Material provided -
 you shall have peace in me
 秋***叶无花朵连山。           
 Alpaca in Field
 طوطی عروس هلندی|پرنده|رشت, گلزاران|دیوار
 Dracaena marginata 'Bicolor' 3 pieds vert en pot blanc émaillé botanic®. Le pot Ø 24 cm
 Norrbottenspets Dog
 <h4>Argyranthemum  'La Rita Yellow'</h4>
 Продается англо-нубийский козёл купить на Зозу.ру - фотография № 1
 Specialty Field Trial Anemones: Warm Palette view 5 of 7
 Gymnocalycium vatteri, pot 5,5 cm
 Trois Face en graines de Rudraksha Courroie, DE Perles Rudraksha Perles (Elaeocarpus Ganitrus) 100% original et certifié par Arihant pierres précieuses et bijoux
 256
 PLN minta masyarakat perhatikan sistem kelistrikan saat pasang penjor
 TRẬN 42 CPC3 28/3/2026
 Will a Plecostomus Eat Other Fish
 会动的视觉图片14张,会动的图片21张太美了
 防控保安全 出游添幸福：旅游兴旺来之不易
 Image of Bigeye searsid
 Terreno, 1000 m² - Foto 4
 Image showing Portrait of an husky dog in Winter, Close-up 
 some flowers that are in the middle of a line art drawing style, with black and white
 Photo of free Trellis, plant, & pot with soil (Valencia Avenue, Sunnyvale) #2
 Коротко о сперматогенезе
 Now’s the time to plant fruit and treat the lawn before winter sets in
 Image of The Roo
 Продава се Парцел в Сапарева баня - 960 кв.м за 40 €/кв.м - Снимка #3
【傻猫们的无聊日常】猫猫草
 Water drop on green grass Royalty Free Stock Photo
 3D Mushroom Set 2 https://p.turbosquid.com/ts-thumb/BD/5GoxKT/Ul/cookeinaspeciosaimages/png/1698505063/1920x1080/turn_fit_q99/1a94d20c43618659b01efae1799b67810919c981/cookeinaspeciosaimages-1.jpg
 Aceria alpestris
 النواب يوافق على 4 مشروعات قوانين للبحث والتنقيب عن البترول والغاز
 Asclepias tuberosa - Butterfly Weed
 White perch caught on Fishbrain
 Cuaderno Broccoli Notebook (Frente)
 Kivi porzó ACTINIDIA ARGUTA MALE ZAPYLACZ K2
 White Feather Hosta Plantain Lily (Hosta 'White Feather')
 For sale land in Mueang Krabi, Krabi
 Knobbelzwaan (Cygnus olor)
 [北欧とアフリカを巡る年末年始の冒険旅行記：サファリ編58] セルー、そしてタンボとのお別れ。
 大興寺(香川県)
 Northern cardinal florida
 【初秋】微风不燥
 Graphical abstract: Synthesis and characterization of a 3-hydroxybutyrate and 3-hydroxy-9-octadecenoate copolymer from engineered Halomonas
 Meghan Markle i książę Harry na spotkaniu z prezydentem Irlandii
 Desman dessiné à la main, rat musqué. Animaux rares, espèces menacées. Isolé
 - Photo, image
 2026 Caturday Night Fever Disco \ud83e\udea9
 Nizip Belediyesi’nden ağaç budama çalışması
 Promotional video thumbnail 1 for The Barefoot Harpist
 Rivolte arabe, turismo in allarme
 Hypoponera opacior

Directions -
Lines from the one containing "Nizip Belediyesi’nden ağaç budama çalışması" to the end of the data are to be printed exactly, including the first and last.

Answer to this task -
 Nizip Belediyesi’nden ağaç budama çalışması
 Promotional video thumbnail 1 for The Barefoot Harpist
 Rivolte arabe, turismo in allarme
 Hypoponera opacior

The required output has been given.